So she buys another plant, hoping this time will be different. But this one goes the same way. Perhaps being a plant-owner is simply not in her future. But she’s not willing to give up on the fresh look a plant brings to her space. Like any savvy home designer, she adapts and finds a solution: she substitutes her real but really dead plant with a beautiful, artificial one. No mess, no death, and still a lovely, fresh look.

To “substitute the plant” = supplant (suh-PLANT), meaning to take the place of, to replace. The dead plant is supplanted by an artificial one when Shawna recognizes plant death is becoming a pattern.

Sometimes life does that, thwarts your carefully constructed plans, and so you swerve and create new plans to supplant the old ones. In our story, Shawna embraces that art of adaptation by refusing to compromise the vision of her home as one accessorized with plants; she simply finds another way to accomplish that.

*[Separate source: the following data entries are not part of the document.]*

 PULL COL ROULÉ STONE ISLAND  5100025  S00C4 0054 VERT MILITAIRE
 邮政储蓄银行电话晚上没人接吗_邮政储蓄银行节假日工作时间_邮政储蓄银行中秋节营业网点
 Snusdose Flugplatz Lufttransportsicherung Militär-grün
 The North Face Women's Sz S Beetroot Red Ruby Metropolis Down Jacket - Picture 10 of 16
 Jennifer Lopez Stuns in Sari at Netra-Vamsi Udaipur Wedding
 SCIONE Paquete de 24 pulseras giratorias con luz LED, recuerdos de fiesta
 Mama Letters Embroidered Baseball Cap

She could keep buying plants and watching them die, hoping one will finally survive, but she doesn’t. Instead, she acknowledges her reality and releases her ideas of how she expected things to be, stepping off the path she thought would lead to her goal. And when she does that, she finds a different way to achieve her vision.

Things don’t always work out how we want them to. So we supplant our plans, our methods, but not our dreams. We can follow Shawna’s example and find a different path, but we don’t have to change our destination.